Much of the story's charm is supported and fueled by the charisma and happy intertwining of the prestigious protagonists - a remarkable cast - starting with the duo Evans and Johnson (the first foul-mouthed and crumpled, the second granite and sensitive, they work) to continue with the always spot on J.K Simmons, the return of the never forgotten Lucy Liu and one of the first real roles that count in cinema for Kiernan Shipka, Sally Draper of Mad Men (a role for which she will be remembered, like it or not, until the end of time). The emotion is pure Christmas standard; the call to the inner child, the exhortation to never stop wondering, the invitation to work hard to try to be the best version of yourself.
Red One is an action comedy that enjoys hiding its sentimental heart; tries to be so many stories, so many genres and so many atmospheres to the point, it is inevitable, of stealing a lot from everyone but never enough from each, ending up offering the viewer an imprecise and contradictory vision. The film is, at the same time, the iconoclastic attack on Christmas cinema and a mix of ideas and inspirations rather derivative in the search for narrative structures and suggestions that are all too consolidated. Now we have a mythology tailored for Christmas too; it is not clear whether it was needed or not, but we have it. Red One tries to do something different, without seriously innovating. Its game is an interesting contradiction, which does not entirely pay off.
Red One: evaluation and conclusion
Jake Kasdan knows how to build a tense and vibrant action without missing a beat.

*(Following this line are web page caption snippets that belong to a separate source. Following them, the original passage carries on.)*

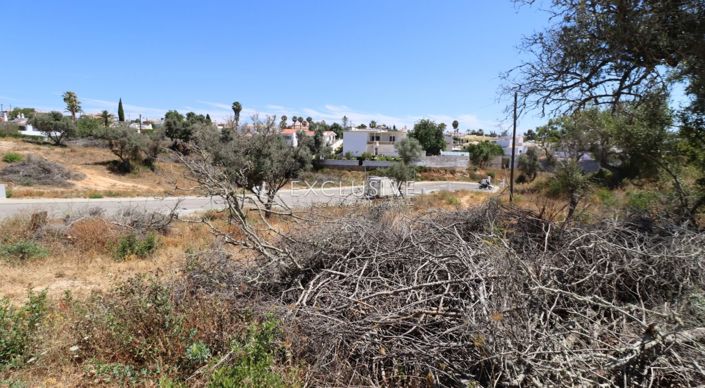 Image No.30-Terrain à vendre à Lagoa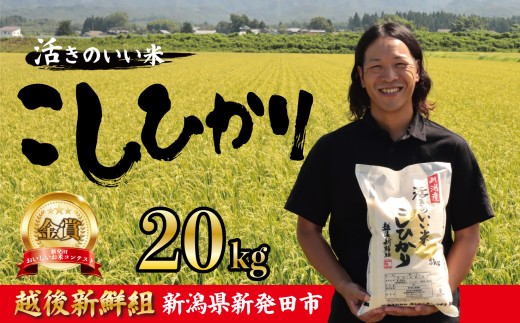【2026年1月以降発送】令和7年産 コシヒカリ 20kg こしひかり 精米 白米 ご飯 おにぎり 弁当 新潟県産 新発田産 新潟 米 お米 こめ 受賞 越後新鮮組 新潟県 米 新潟県 新発田市 shinsengumi003_202601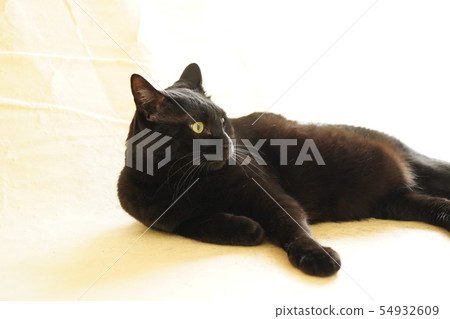 黑貓 54932609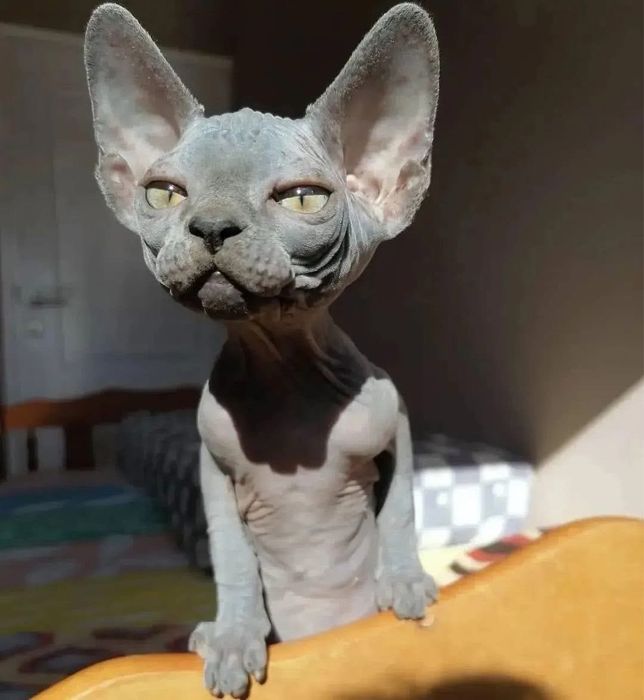 Канадський сфінкс ,  окрас blue solid , хлопчик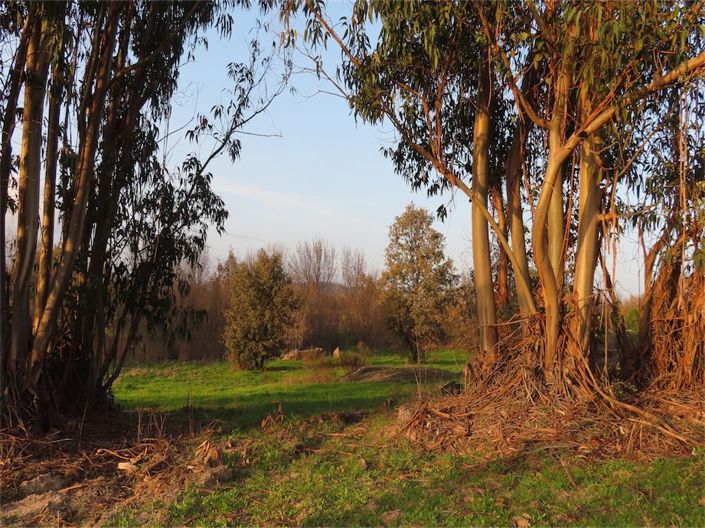 Image No.12-Propriété à vendre à Castelo Branco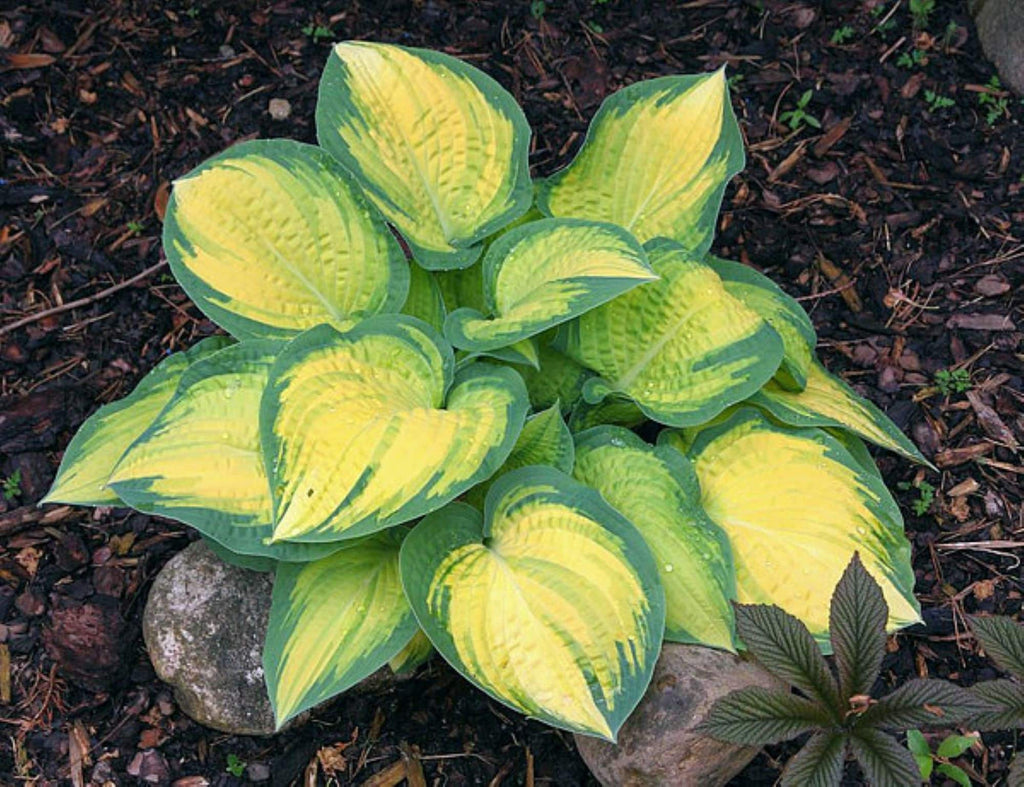 hosta ORANGE MARMALADE medium special rare golden-orange disease-free 2.5" pot = 1 Potted Garden Plant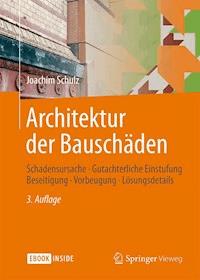 Architektur der Bauschäden - Joachim Schulz - ebook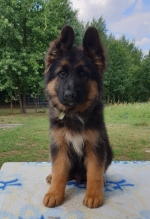 vom Trojangold, hodowla Owczarków Niemieckich Długowłosych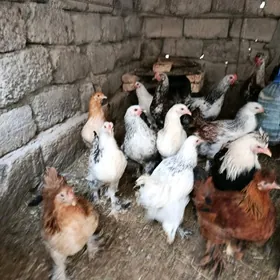 balgar brama towuk jüje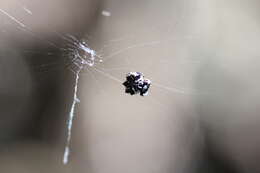 Image of Spiny orb-weavers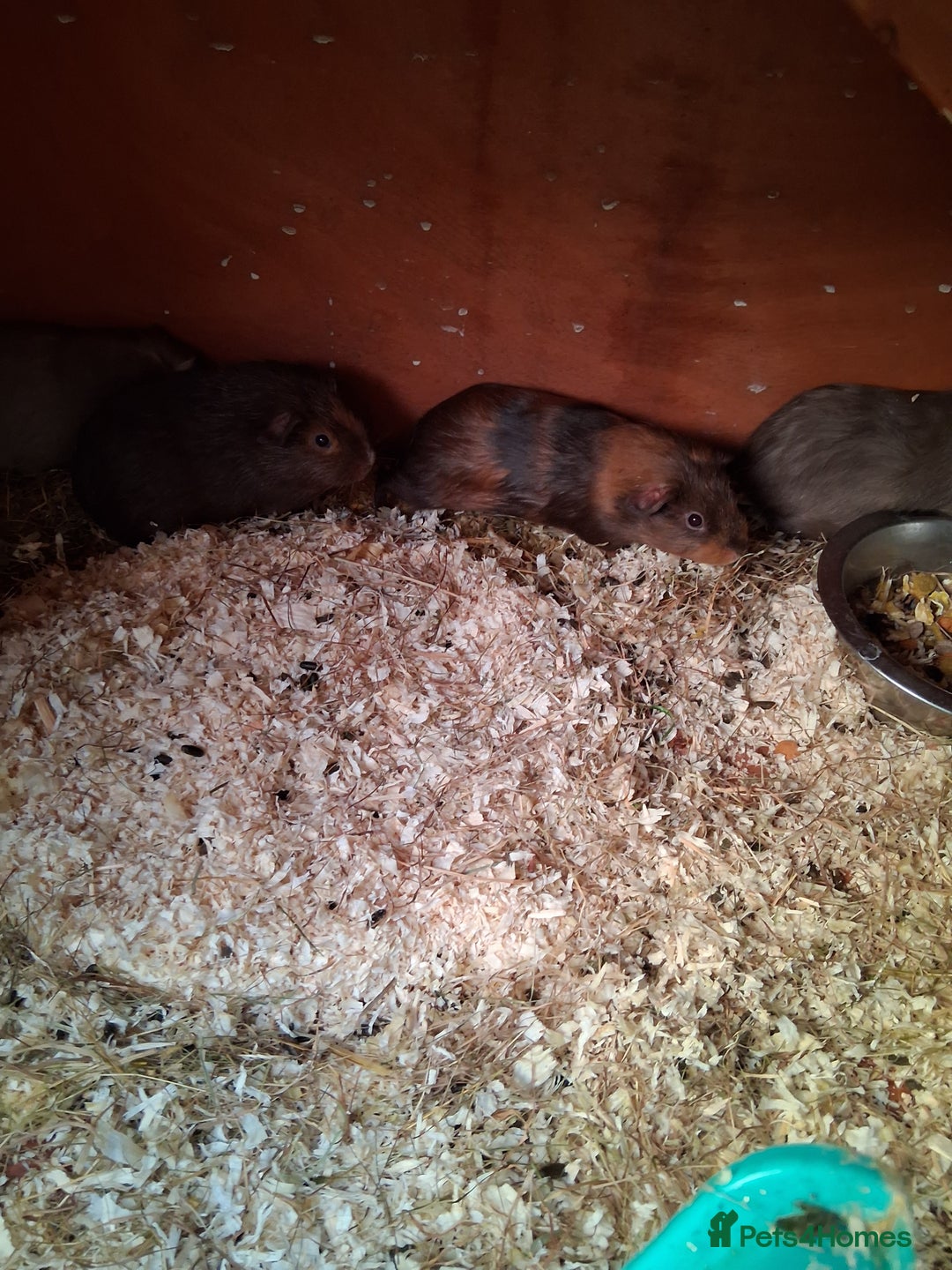 Guinea Pig rodents for sale: 11 baby guinea pigs for sale - Advert 1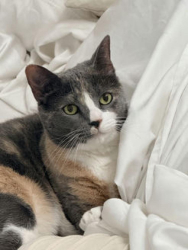 Reunited Female Cat last seen Near NE 117th St, Miami, FL 33161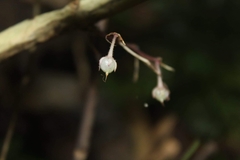 Rhynchotechum ellipticum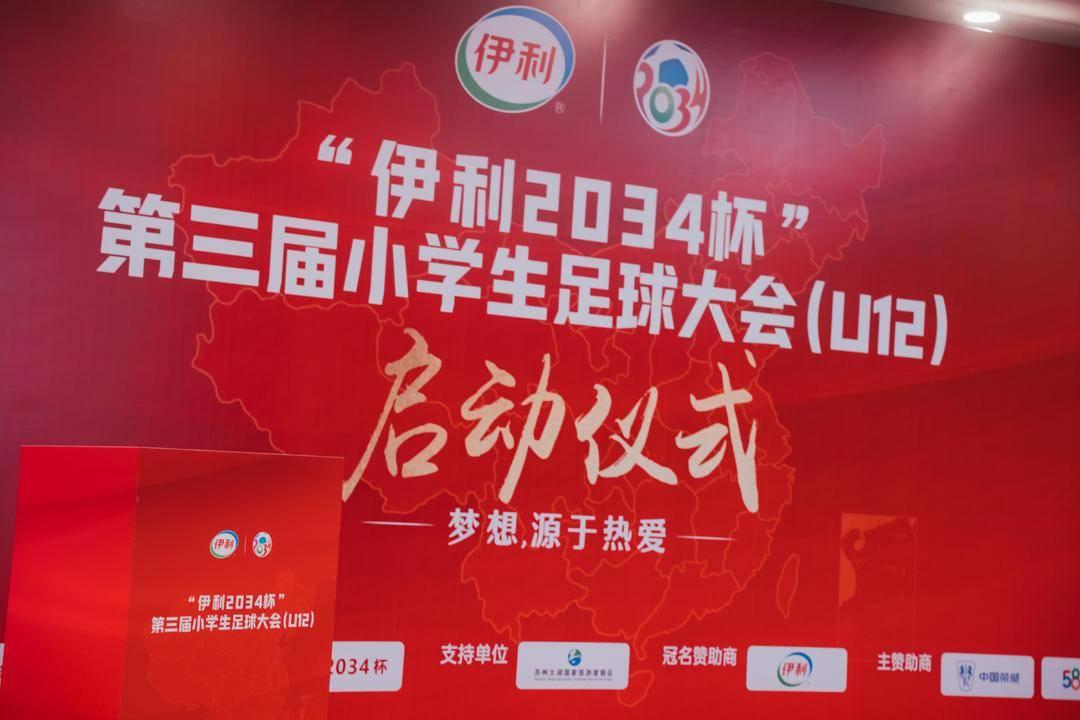 欧洲杯2034,延期风波与足球盛宴的未来展望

He knows how to combine melancholy and humor, and he knows how to manage the personalities, quirks, and idiosyncrasies of his remarkable cast. But Red One cannot be defined, on any level, as a 100% successful film, because the contradictory game it chooses to play – being at the same time the Christmas film par excellence and the least Christmassy one possible – does not resolve, as it should, in an honorable draw that enhances the best of both worlds, that is, the iconoclastic approach and the call to a certain type of warmth and feeling. The film ends up being, with its reference to so much contemporary commercial cinema, more repetitive than necessary. The mythology introduced for the occasion works especially with Kiernan Shipka's Grýla, a character from Icelandic folklore, but beyond the idea of transforming Christmas into a very calibrated military-espionage-humorous operation, Red One fails to fully cultivate its imagery.